***** PROVIDED INFORMATION
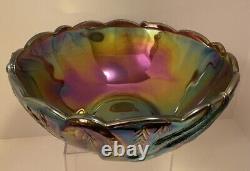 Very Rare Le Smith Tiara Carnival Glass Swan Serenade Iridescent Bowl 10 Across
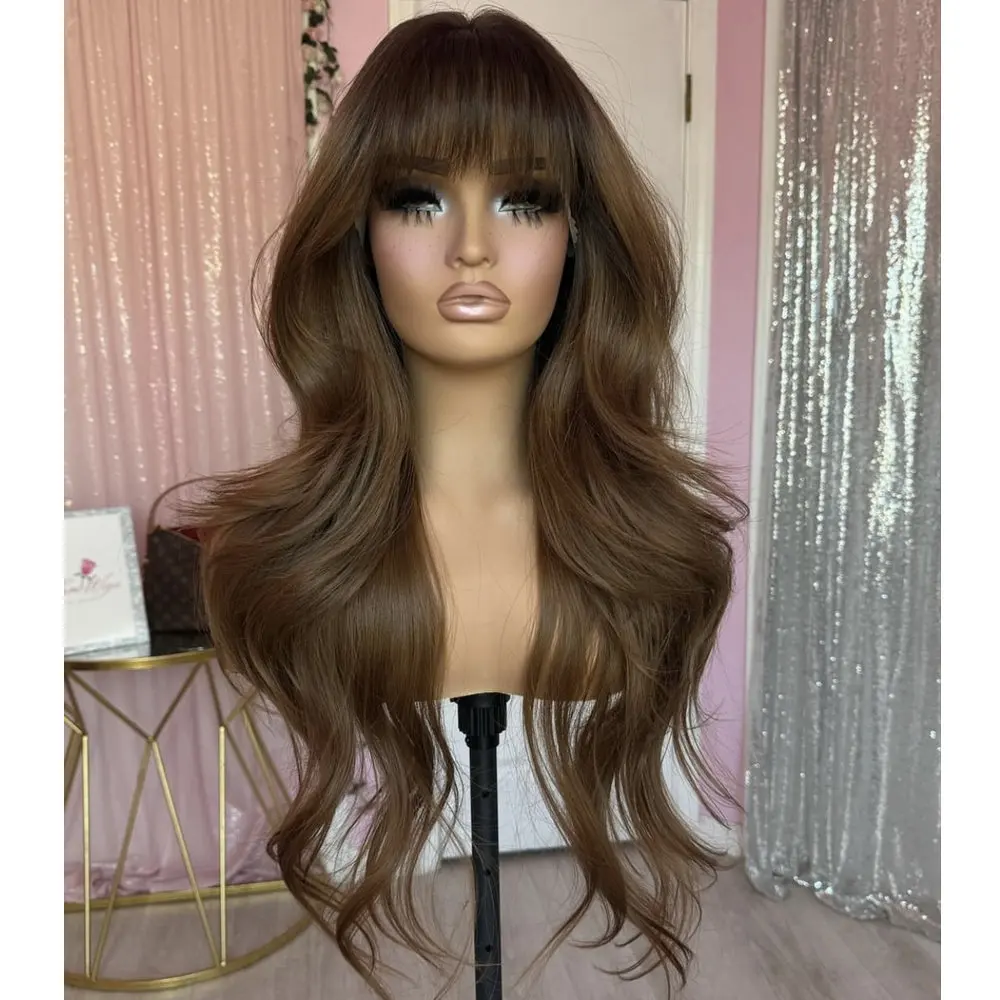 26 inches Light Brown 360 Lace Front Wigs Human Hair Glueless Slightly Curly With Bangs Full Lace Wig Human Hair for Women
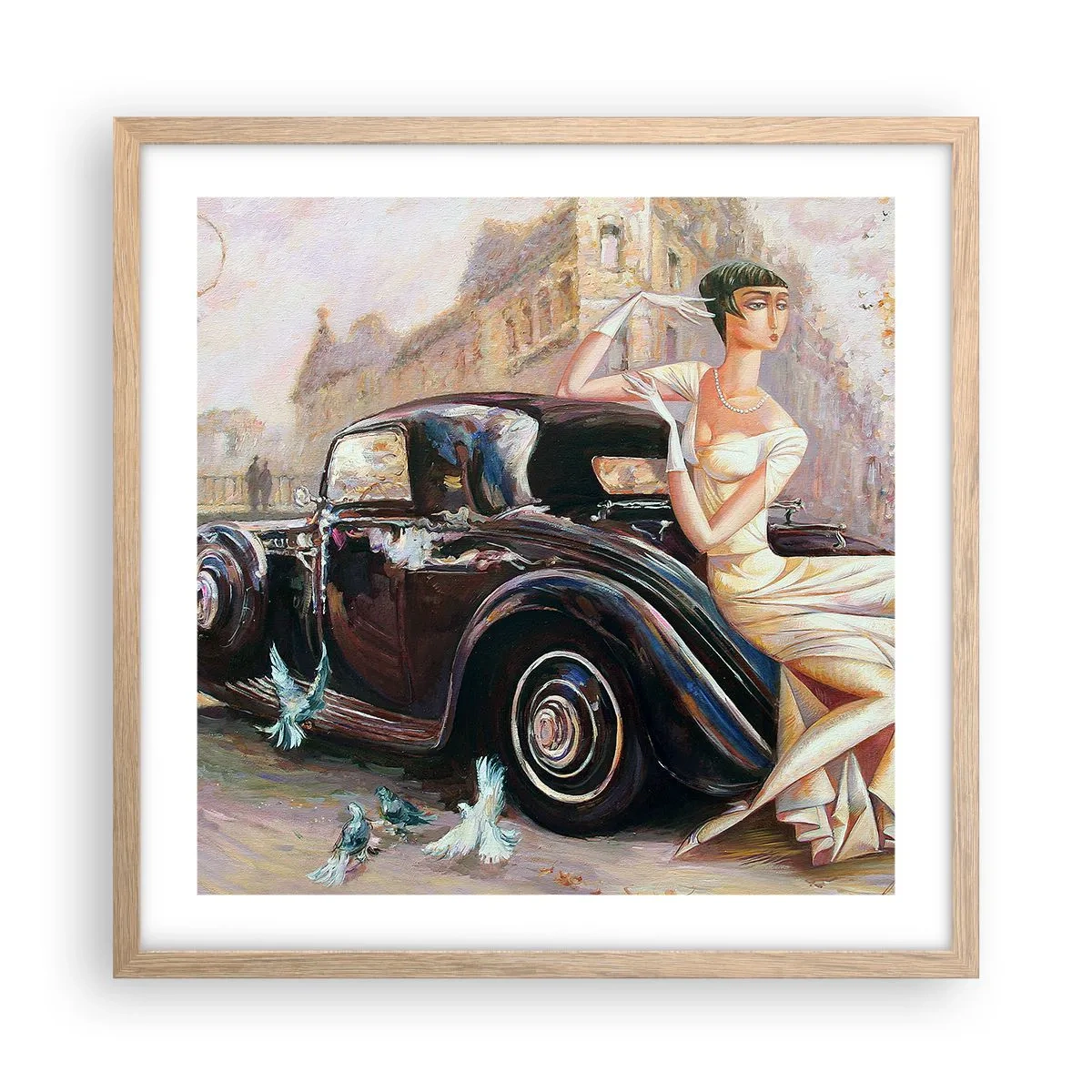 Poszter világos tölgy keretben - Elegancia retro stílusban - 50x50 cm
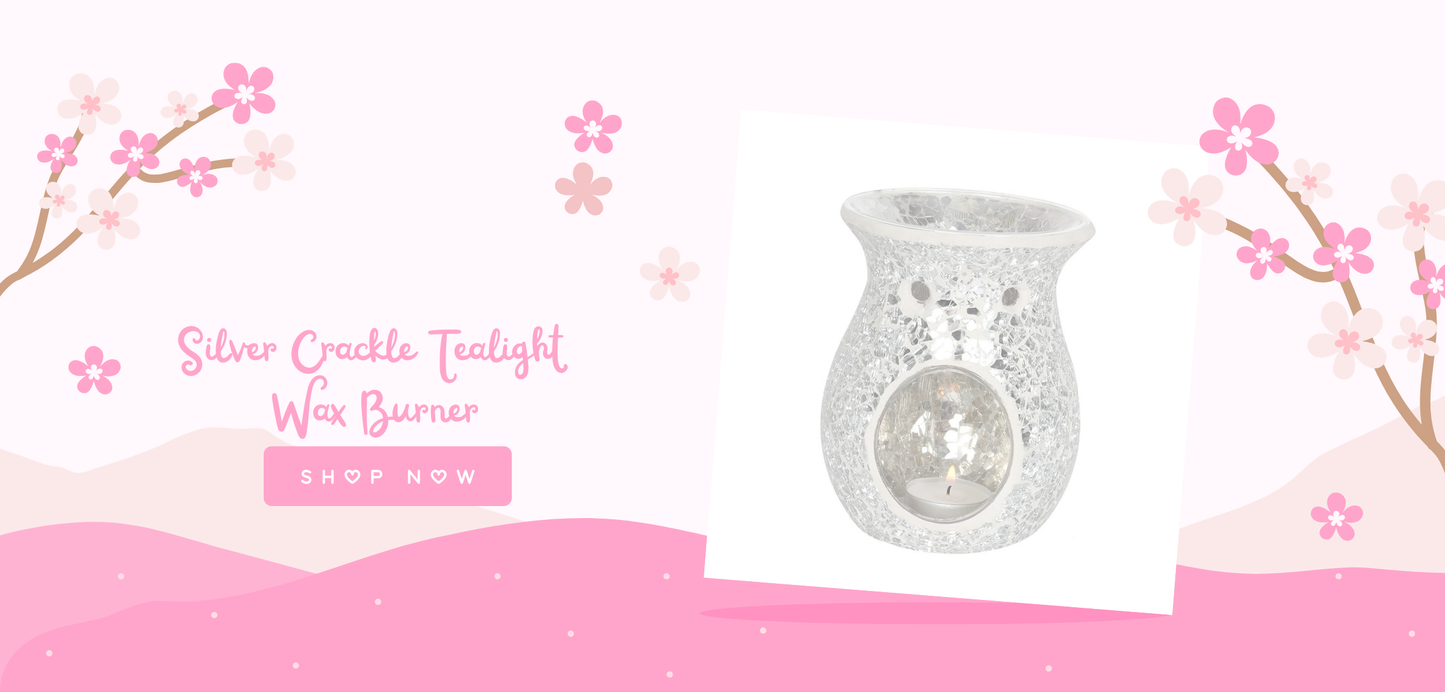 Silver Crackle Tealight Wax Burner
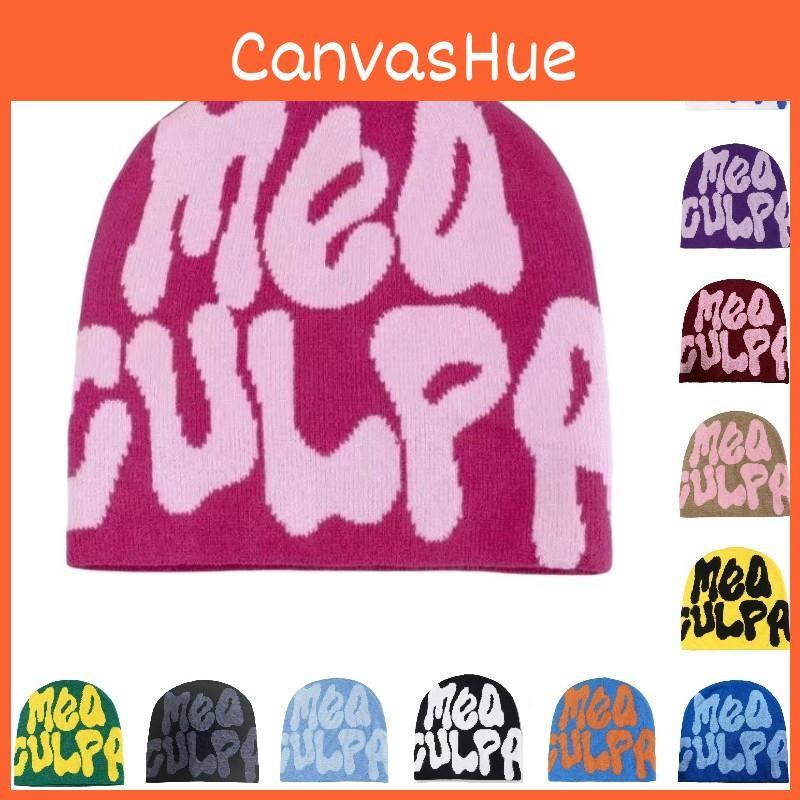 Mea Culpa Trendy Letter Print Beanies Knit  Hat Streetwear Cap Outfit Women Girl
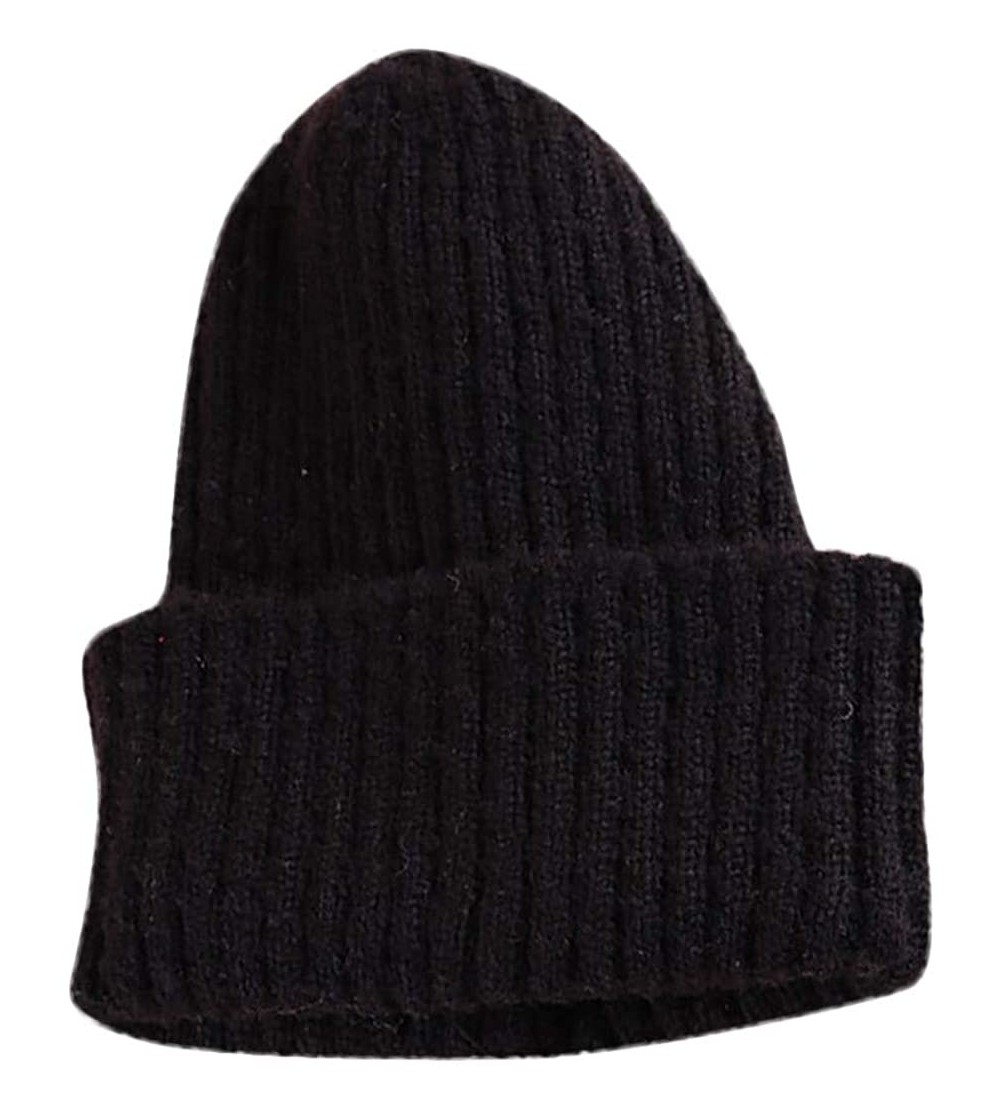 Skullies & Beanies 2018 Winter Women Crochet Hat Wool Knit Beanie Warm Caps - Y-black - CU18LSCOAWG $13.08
**********
◆ AIM OF THE EXERCISE: Going from the line holding "Poszter világos tölgy" to the last line of the data above, reproduce every line exactly, both included, with the pictures omitted.

◆ SOLUTION TO THIS EXERCISE:
 Poszter világos tölgy keretben - Elegancia retro stílusban - 50x50 cm
 Silver Crackle Tealight Wax Burner
 Mea Culpa Trendy Letter Print Beanies Knit  Hat Streetwear Cap Outfit Women Girl
 Skullies & Beanies 2018 Winter Women Crochet Hat Wool Knit Beanie Warm Caps - Y-black - CU18LSCOAWG $13.08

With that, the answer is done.